IFS means Intel will build chips for other companies, not just its own designs, a dramatic shift in culture, technology, operations and business relationships. Intel's earlier foundry efforts faltered, but Gelsinger promises things will be different this time. One data point: Intel has agreed to acquire Tower Semiconductor for $5.4 billion, a deal that would significantly expand the types of chips that the IFS division can make for customers.

Making others' chips isn't as profitable as Intel's existing business, but it plays a role in Intel's grander plans. Staying competitive with the top two foundries, Taiwan Semiconductor Manufacturing Corp. (TSMC) and Samsung, requires manufacturing chips in massive volume to pay off extraordinarily expensive chipmaking equipment investments. IFS is intended to deliver some of that volume.

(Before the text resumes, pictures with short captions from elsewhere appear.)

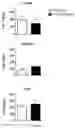 Fig. 10 - NEW GENE THERAPY CONSTRUCTS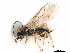  ( - NMS:Godfray:A212)  @13 [ ] CreativeCommons - Attribution (2015) CBG Photography Group Centre for Biodiversity Genomics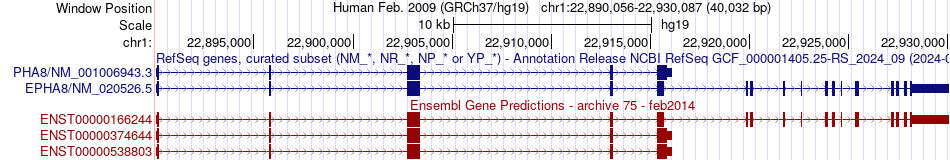 gene isoform structure of EPHA8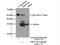 SOSS complex subunit B1 antibody, 14809-1-AP, Proteintech Group, Immunoprecipitation image 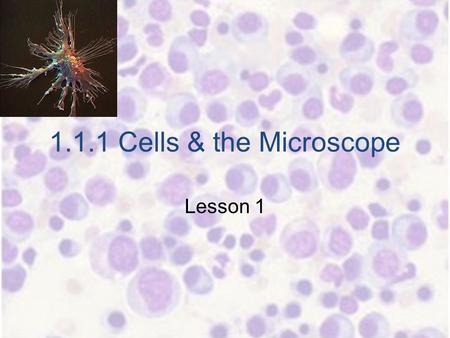 1.1.1 Cells & the Microscope Lesson 1. 1.1.1 Cells & the Microscope Learning Objectives Compare the structure and ultra-structure of plant cells with.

If Gelsinger's IFS vision succeeds, Intel could build chips even for rivals like graphics and AI chip designer Nvidia, PC and server chip designer AMD, and smartphone chip designer Qualcomm. Qualcomm endorsed IFS, but it hasn't made a public commitment on building a specific product, and it'll be until years from now if it does.

A major Intel challenge is persuading shareholders to come along for its multiyear recovery plan. Massive investments in new fabs, including "megafab" sites in Ohio and Europe expected to cost $100 billion each this decade, will already are lowering profit margins. New chip fabrication plants, or fabs, cost about $10 billion each these days. Intel also must deliver steady annual progress in manufacturing processes that have been the bane of its business for years.

Intel's new PC graphics technology

Intel hopes to benefit from making your PC more exciting, too.

After years watching Nvidia and AMD profit from graphics processing units, Intel has begun designing its own GPUs in earnest — though it relies on TSMC to build them. At its investor day, Intel announced its Accelerated Computing Systems and Graphics Group will generate more than $1 billion in revenue in 2022 and expects to increase that to $10 billion by 2026.

It'll do so with better graphics chips for AI, gaming and professional workstations. The first product in the effort, Intel's Arc graphics chip for laptops, will ship this quarter. Intel announced three new GPU developments on Thursday, too:

  • A project called Celestial will sell graphics chips for high-end gaming desktop PCs.
  • Project Endgame will offer Arc graphics chips through a cloud service later this year for a fast-response computing experience.
  • A new Falcon Shores design due in 2024 will let Intel's x86 CPUs and its Xe GPUs plug into a single PC chip socket, quintupling performance per watt and the memory communication link's speed and capacity.